Page MenuHomePhabricator

Set $wgCategoryCollation to 'uca-hu' on Hungarian Wikipedia and rebuild category sort keys
Closed, ResolvedPublic

Description

Per bug 45443, category collation should be localized on hu.wikipedia.


Version: unspecified
Severity: enhancement

Details

Reference
bz45596

Event Timeline

bzimport raised the priority of this task from to Normal.Nov 22 2014, 1:37 AM
bzimport set Reference to bz45596.
Tgr created this task.Mar 1 2013, 8:20 AM
Tgr added a comment.Mar 1 2013, 8:24 AM

I reviewed Collation::$tailoringFirstLetters['hu'], it contains exactly the non-ASCII letters which can be used for first letter grouping in Hungarian.
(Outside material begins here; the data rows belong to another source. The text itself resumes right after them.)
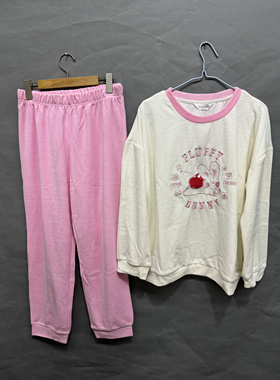 body pops 红色J21春秋绒面甜美圆领女士家居服套装BCPPC49A21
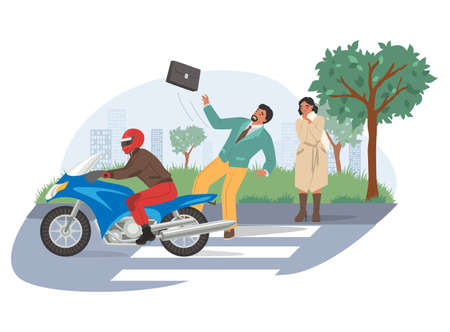 Motorcycle accident, vector illustration. Motorcyclist struck pedestrian on crosswalk. Road traffic accident.のイラスト素材
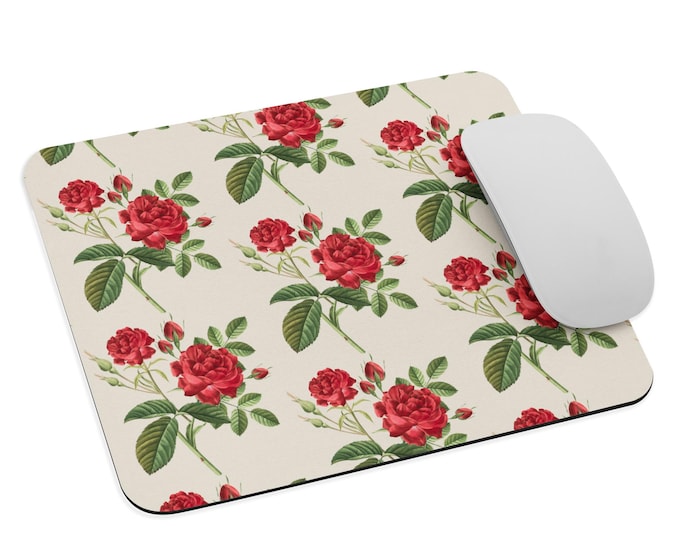 Rose Floral Botanical Mouse Pad, Desk Mat, Office Decor, Botanical Collection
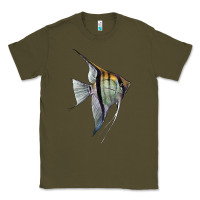 Army Green Angelfish Classic Tee - LillyAllenDesigns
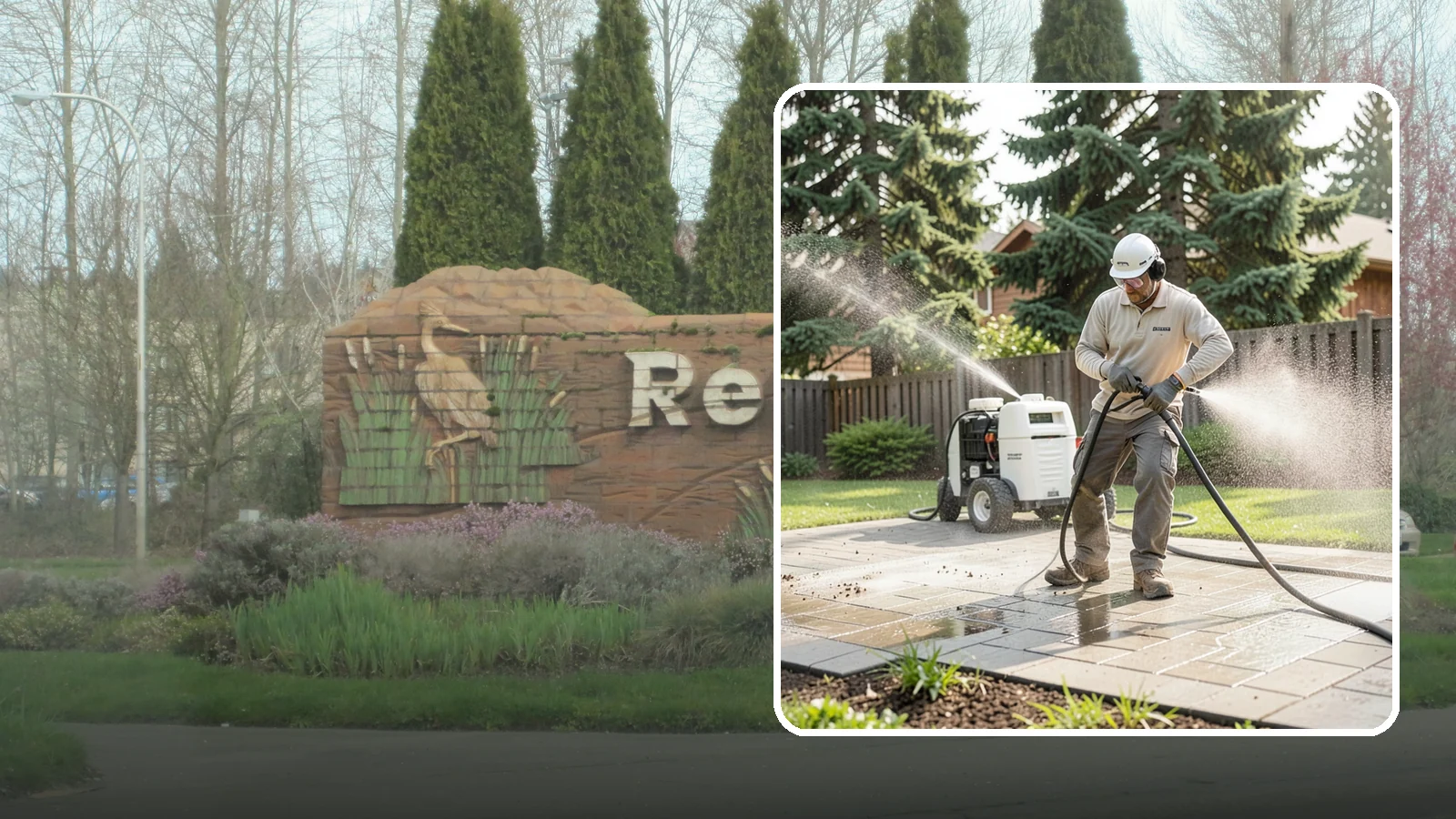 Paver Driveway Cleaning in Renton, King County, WA - Detailed paver driveway cleaning that clears weeds, moss, and grime from between and across every unit.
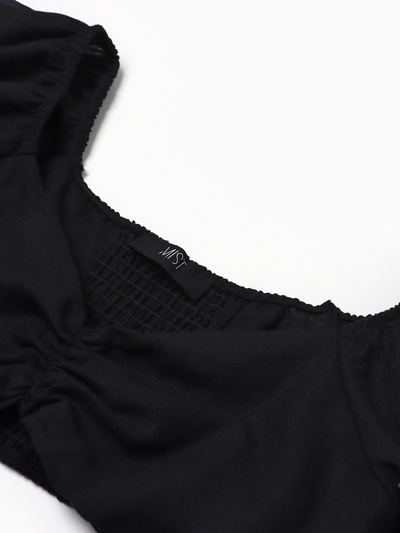 Топ короткий с длинными рукавами MIST, чёрный, размер 46 (L)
Additionally, for all long-short vowel pairs (a – á, e – é, i – í, o – ó, ö – ő, u – ú, ü – ű) the long vowel should be treated as if it were the short one (e.g. the word "álom" should be listed under A, or the word "űr" under Ü). Since the Hungarian collation treats these pairs as equivalent, I suppose that is done automatically?

Tgr added a comment.Mar 1 2013, 8:27 AM

For reference, Collation::$tailoringFirstLetters['hu'] contains this list:

"CS", "DZ", "DZS", "GY", "LY", "NY", "Ö", "SZ", "TY", "Ü", "ZS"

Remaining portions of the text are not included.